November in Seattle is always cool and rainy and sometimes stormy – windstorms, that is. Seattle’s all time high temperature – for any day of the year – is 100 degrees. That all time high is, of course, outside. But it reached 108 degrees here on Sunday November 16th. Inside a data center. The City of Seattle’s data center.
To make a short blog entry even shorter, I’ll skip to the root cause: a failed power breaker on a pump for the domestic water supply to the building housing the data center. The water supply flows to CRAC (“crack” or computer room air conditioning) units which, in turn, cool the data center. For HomeCity Security reasons, I won’t reveal the actual location of the data center, but let’s just say it is in a downtown 60 story skyscraper which also houses about 3500 office workers during the week. The problem started about noon and was fixed at about 8:00 PM.
The data center holds about 500 servers, storage systems and other equipment. We shut down a lot of servers and many services starting almost immediately. Nevertheless the temperature in the data center rose to that toasty 108 degrees, setting a new record high (sort of) for Seattle.
So why is this notable? For two reasons: the problem and the response.
In terms of the “problem”, let me assure you (especially if you live in Seattle) that cooling problems like this will be rare to non-existent in the future. Years ago we installed a one megawatt generator for backup power. This year we’ve been working a project to install “dry coolers”. These aren’t really “dry”, but the water cooling the data center will flow in a “closed loop” between the new coolers and the center, so we’ll no longer be dependent on external water or power supplies. Unfortunately, the dry coolers don’t come online until January, which is why we went to 108 degrees last Sunday.
But there’s a more general issue here – every city and county government has data centers and servers and vital information. Every area of the country is subject to some sort of a disaster and every government needs to have a backup and recovery plan.
But for what disaster should we prepare?
Here in Seattle, everyone is concerned about the “big one” – a magnitude 8.0 earthquake. While we need to be ready for an major earthquake, we have about one of those “big ones” every 300 years. Much more likely are disasters like last Sunday – a failure of water and cooling, a “meltdown” if you will (non-radioactive, however!). Or perhaps the disaster will be the opposite – too much water from a broken pipe, and a flood drowning those servers. Or – and this also happens in computer centers – a fire followed by (drum roll), a flood as the fire suppression system kicks in. Should we have a plan for “the big one”, that earthquake? Sure. But most of our disaster preparation effort should plan for the much more probable disaster of fire and water.

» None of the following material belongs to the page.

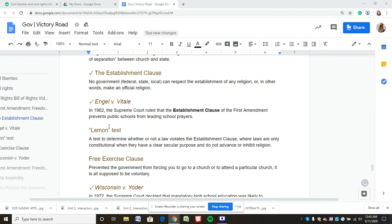Engel v. Vitale was a case where schools were leading prayers, which made students uncomfortable. Parents brought forth the suit and it reached the Supreme Court. Under the establishment clause, you can't be establishing a religion or practices associated with that religion in a way that alienates students who may not share your beliefs — that would go against their own freedom of religion.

Finally, any disaster response plan has one element which is vastly more important than any other: people. And, on November 14th, the “people” (employees) of the City of Seattle and its Department of Information Technology performed splendidly. A dozen IT professionals showed up on site within two hours (despite interference from the traffic around a nearby Seahawks football game). The computer center manager – a 44 year employee and true hero Ken Skraban – was on site and immediately in charge. Two employees set up an IT operations center with an incident commander and support staff. Several responded to the data center and shut down servers in an orderly, pre-planned, color coded (red-green-orange-yellow) fashion, with the most critical servers (for example “Blackberry” support) staying up continuously. Server administrators from every major department in City government responded on site.
And when the crisis was past and cool water was again flowing to the “crack” units, those same folks brought all services up in an orderly fashion. And there was not a single call to the help desk on Monday morning as a result of our unanticipated “summer” high.
Disasters happen. Careful planning and skilled, trained staff will always mitigate their effects.